This has been something players immediately clamored for. Because of Nightingale’s always-online framework of dedicated servers hosting realms, it’s clear the developers underestimated players’ desire to play offline and host realms on their own. This is especially true when not long after Nightingale’s launch, Inflexion games clarified that an offline mode was coming very soon.

It’s likely offline mode will arrive much sooner than Nightingale’s 1.0 launch, so that’s certainly a good thing. Part of the problem with a game like this always being online is people playing from outside the U.S. are experiencing high ping just playing by themselves. That just doesn’t cut it for a survival crafting game.

Optimization

The forest biome in the evening in Nightingale
Image Source: Inflexion Games via Twinfinite

Nightingale uses Unreal Engine 5 alongside a lot of the engine’s powerful visual technology. Technology like Lumen, a powerful global illumination where sun and moonlight bathe the world in light and color that bounces realistically. While a performance hit would be expected using these technologies, the frame rate dips far too often.

My gaming laptop struggles to keep the game running at a consistent 60fps at 1440p on settings that are far below max. Even worse is when enemies are spawning in and fighting because it’s in those moments that the frame rate tanks far below 60.

For example, it looks poor when you climb the Fae towers fight enemies as you do so. In those moments, the performance is even lower than in the lush outside world, and that need to be improved come launch. Ultimately, Nightingale should be able to run well for everyone, not just those who have the hardware to run DLSS 3.0’s frame generation. Especially after Inflexion Games dropped support for FSR3’s more accessible frame generation.

Crafting Quality of Life

In Nightingale, you’re going to be doing a lot of crafting and that’s all well and good. The problem arises when you discover that the materials needed to craft anything have to come from your own inventory. Miraculously, crafting doesn’t take into account what you have stored in storage. Which is a quality-of-life feature that Palworld and Enshrouded had from day one.

Thankfully, it seems like Inflexion Games already knows that players want this feature. It doesn’t help that the crafting systems in Nightingale are some of the more complex in the survival crafting genre. It doesn’t help that there are multiple tiers of the same crafting bench. That’s on top of later game recipes needing crafted items from a previous crafting bench’s crafting bench’s crafting bench.

So, the easier crafting can be made for the sake of the player, I think is a good call on Inflexion Games part.

Revamped Points of Interest

Image Source: Inflexion Games

One of Nightingale’s biggest selling points is its exploration. With how each realm is randomly generated, there are plenty of interesting places to see. At least, that’s how it should be. Unfortunately, the various realms and their points of interest aren’t as interactive as they should be. For exploration, it’s important that the things you find have some kind of impact.

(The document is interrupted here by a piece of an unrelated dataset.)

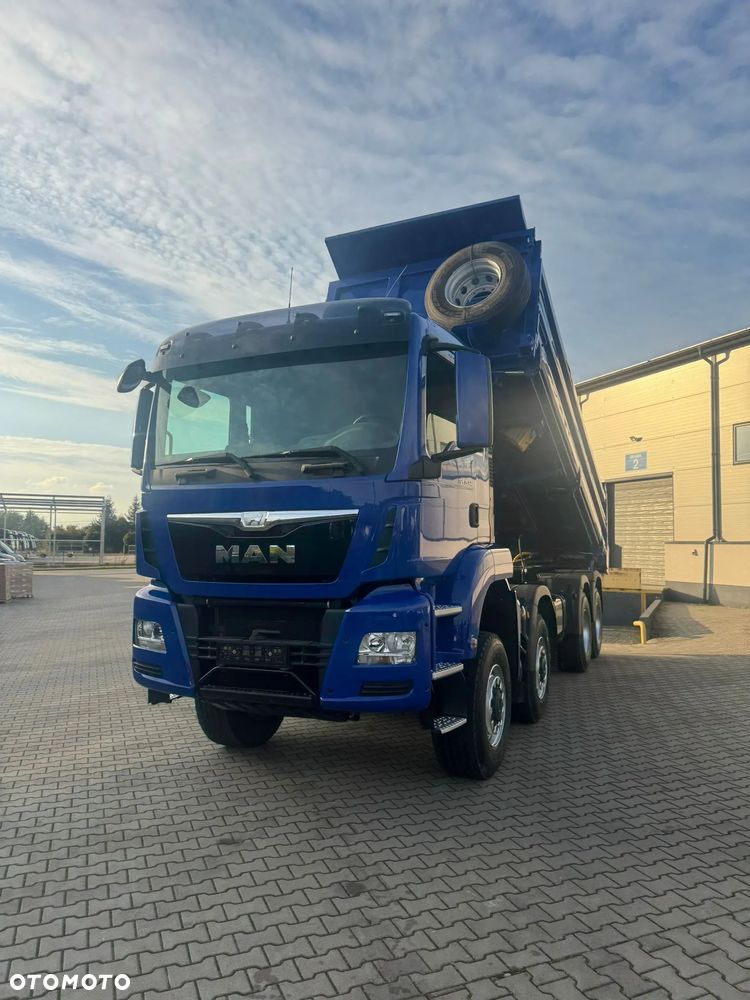 MAN MAN TGS E6 / 8x6 / 2014 / WYWROTKA / ZABUDOWA VS MONT - 9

It’s a shame then that Nightingale’s points of interest largely lack that impact. The best Nightingale produces are the few puzzles that are engaging, but it is everything around them that lacks interaction. All the crates and urns and other Fae-looking objects do little beyond letting you break them down into basic materials. Breaking them open to find random rarer resources, items, essences, and gear of varying quality with enchants and charms would make exploration much more exciting.

It all hinges on two ideas that need fulfilling for rewarding exploration: not knowing what to expect and find, and what you eventually find being helpful and fun in one way or another.

Combat & Enemy Overhaul

The last building block for a better Nightingale involves better moment to moment combat. A lot of the game’s current combat woes are derived from enemies and how they move. Simply put, there’s very little buildup to their movements from an animation perspective. That fact is also hurt by how enemies always bum rush you straight on and rarely use tactics or attacks that aren’t jumping at you and clawing at you in a very stilted way.

I say stilted because their movement after the attack animation always makes them immediately stop on a dime. That makes the fight feel overly gamey and is not satisfying because of that. It also makes ranged combat more difficult than it needs to be because of how jerky their movements are. So, in my mind, the solution stems from slower, more gradual animations that I know Unreal Engine 5 can produce. On top of that, AI tactics and attacks that are more varied and unpredictable would certainly improve how combat feels.

Additionally, added heavy attacks that take more stamina and pierce through enemies (that should also be able to block and dodge) would be excellent changes too.

It’s these additions, along with bug fixes, that would definitely make Nightingale a much better survival crafting game for its 1.0 launch. Here’s hoping Inflexion Games looks into some of these.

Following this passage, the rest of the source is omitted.